### TASK DESCRIPTION
Would you please repeat exactly the entries below, starting at the line with "Buy 1 Take 1" and ending at the line with "временная регистрация в квартире в Порхове", and nothing outside that range? Leave out the pictures.

### INPUT MATERIAL
◇ ◇ ◇ ◇ ◇

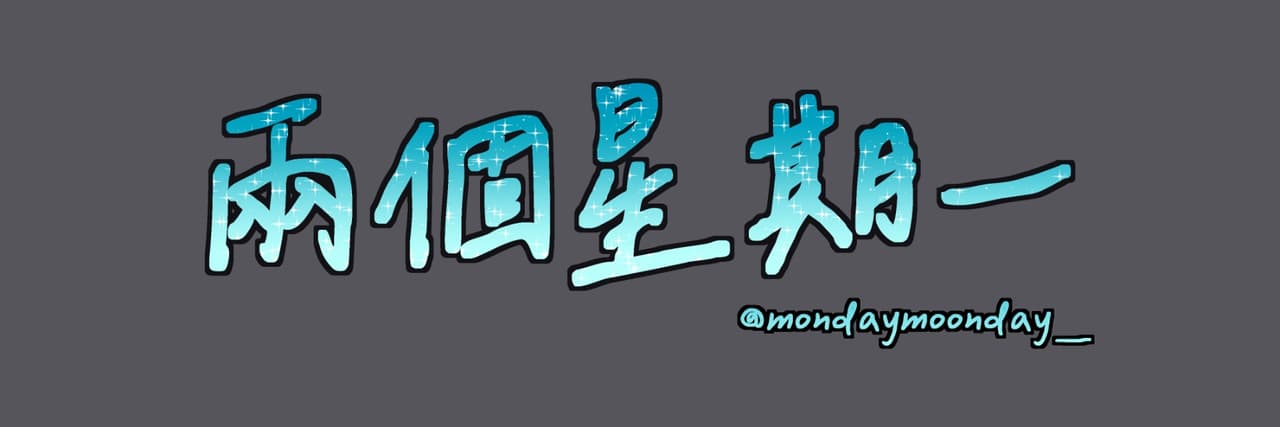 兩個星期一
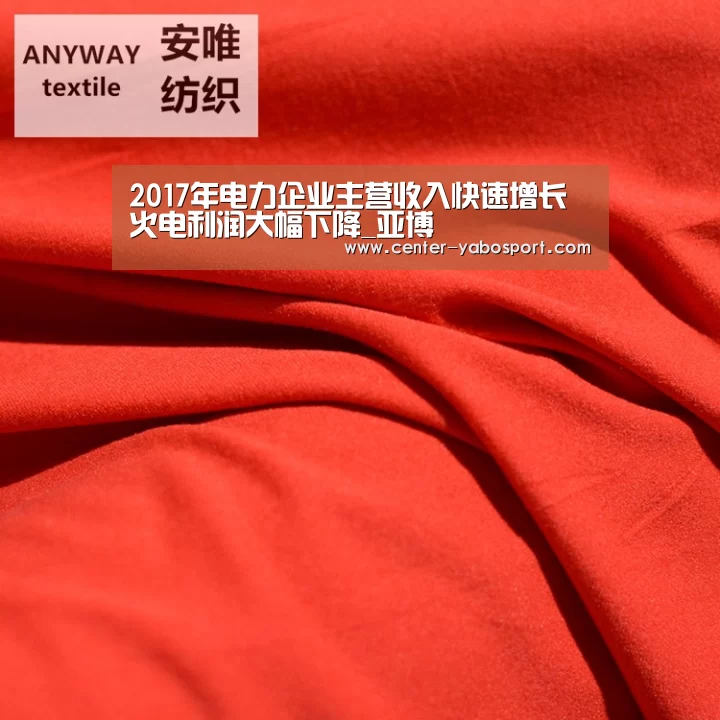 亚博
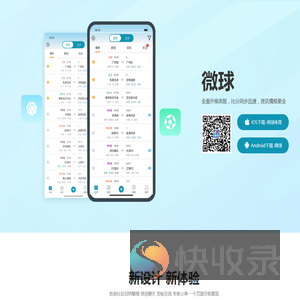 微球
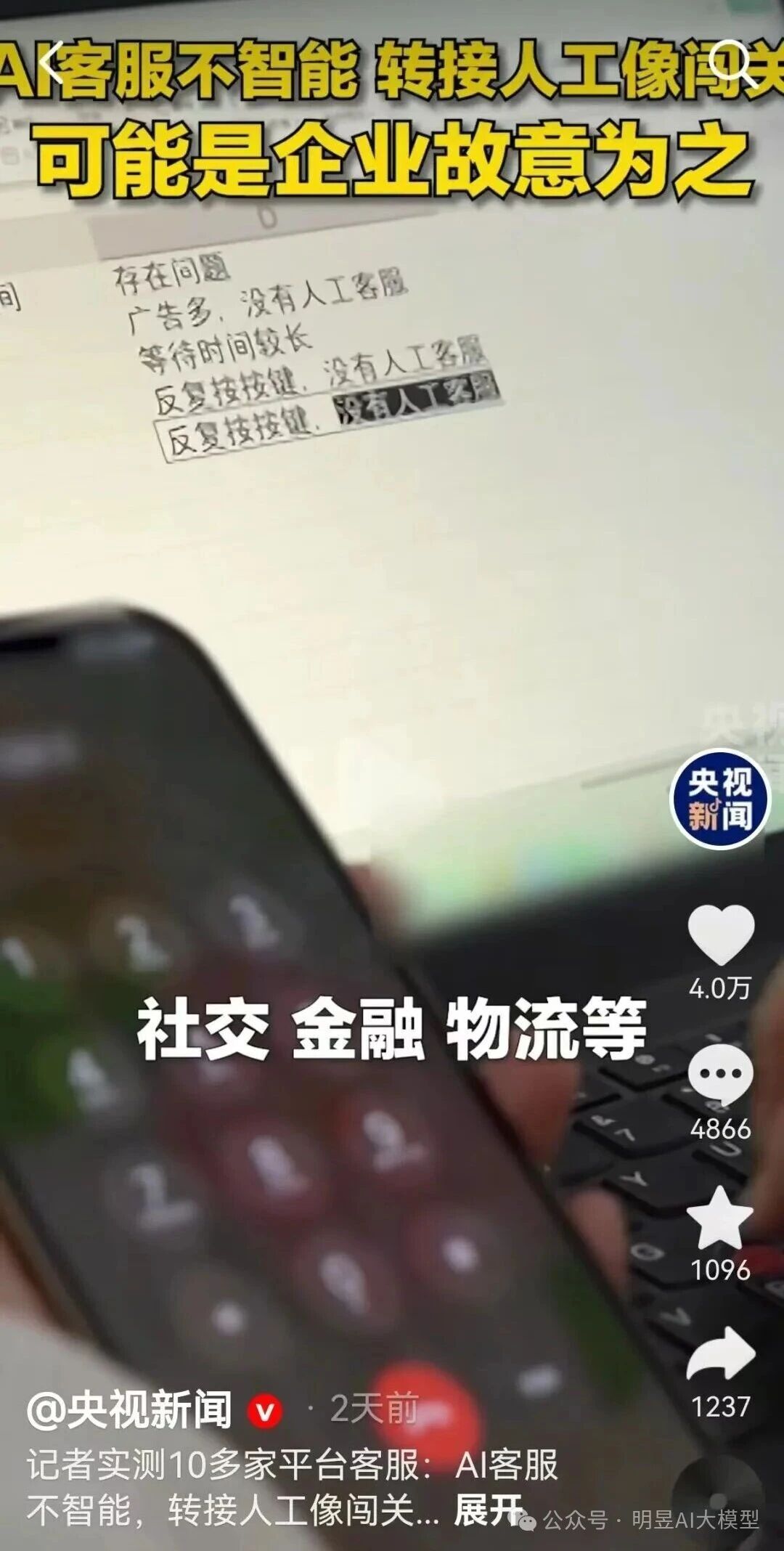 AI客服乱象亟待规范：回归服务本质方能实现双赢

◇ ◇ ◇ ◇ ◇

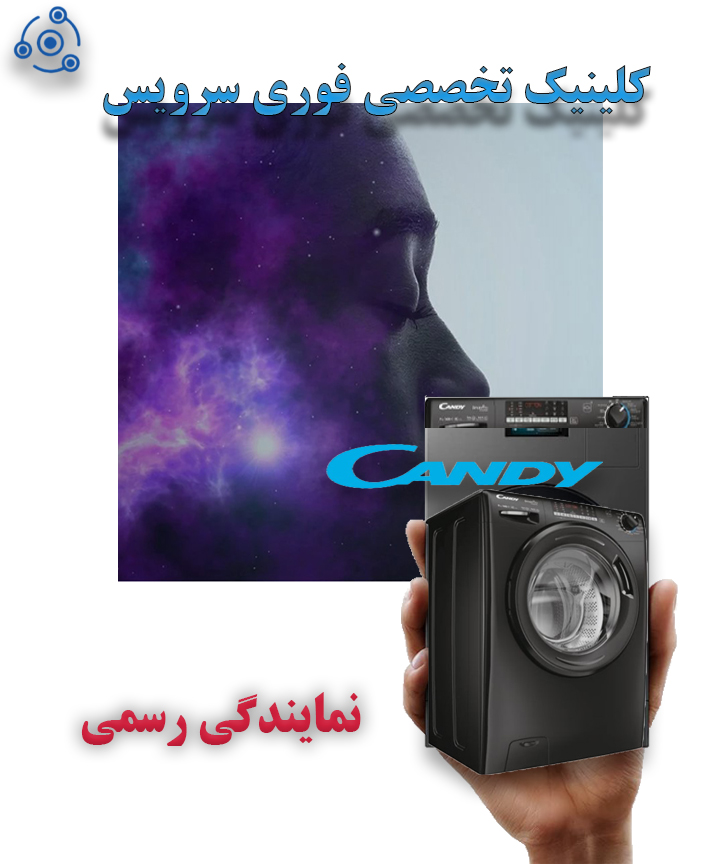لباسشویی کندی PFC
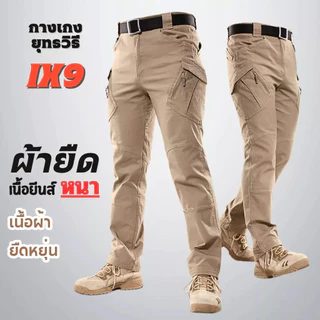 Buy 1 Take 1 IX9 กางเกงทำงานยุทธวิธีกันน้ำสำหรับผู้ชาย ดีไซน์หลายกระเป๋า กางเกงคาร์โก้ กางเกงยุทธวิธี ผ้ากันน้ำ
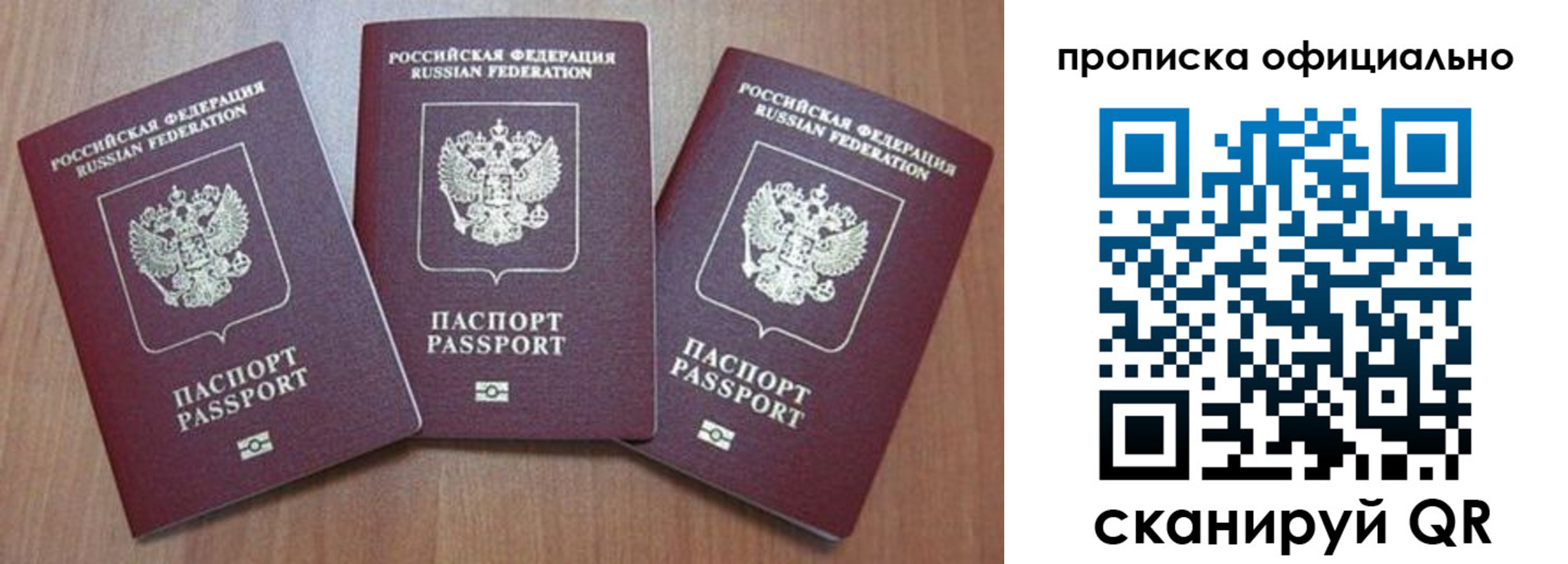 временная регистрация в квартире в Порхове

◇ ◇ ◇ ◇ ◇

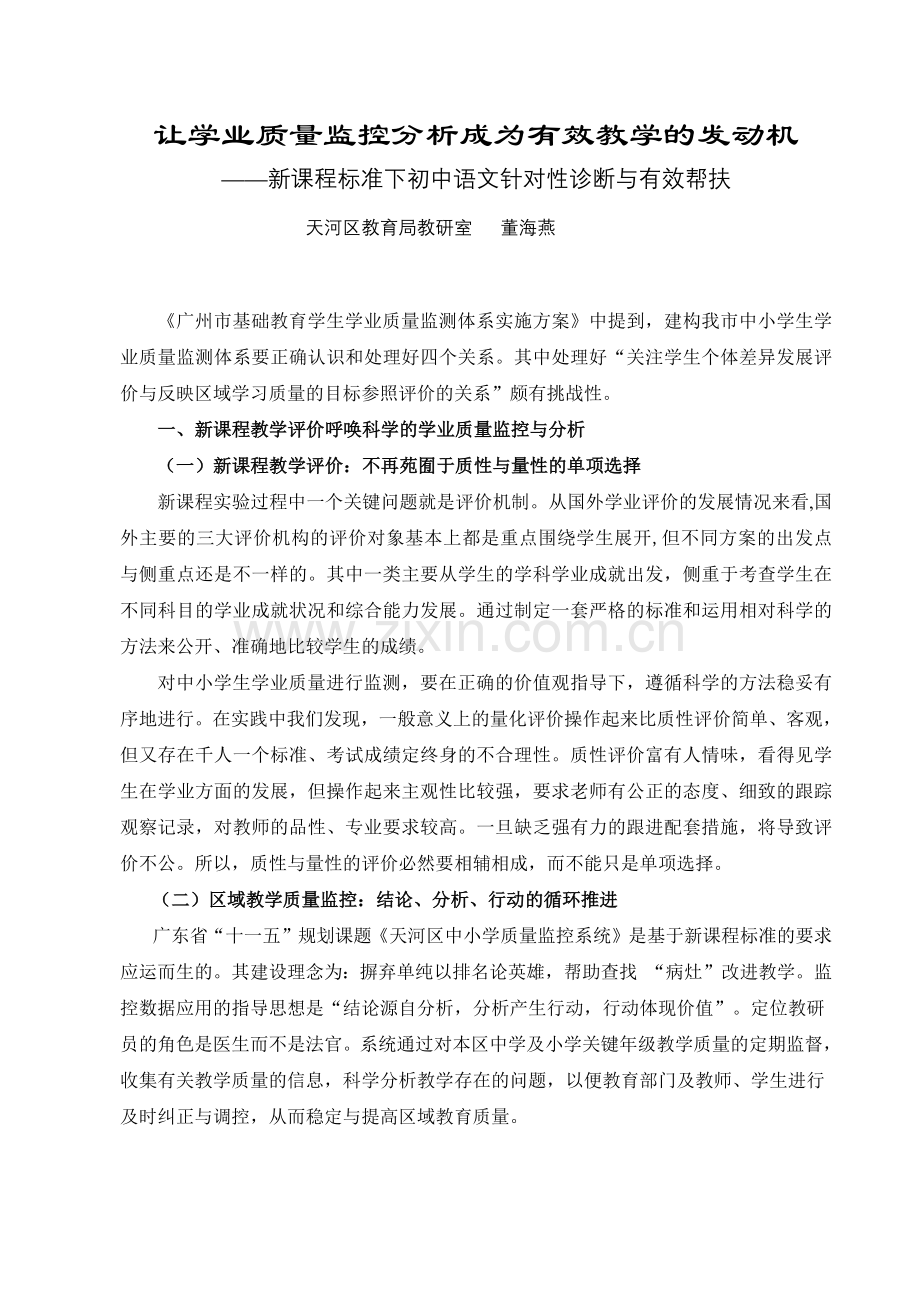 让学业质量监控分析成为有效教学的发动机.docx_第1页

◇ ◇ ◇ ◇ ◇

### RESPONSE AREA
 Buy 1 Take 1 IX9 กางเกงทำงานยุทธวิธีกันน้ำสำหรับผู้ชาย ดีไซน์หลายกระเป๋า กางเกงคาร์โก้ กางเกงยุทธวิธี ผ้ากันน้ำ
 временная регистрация в квартире в Порхове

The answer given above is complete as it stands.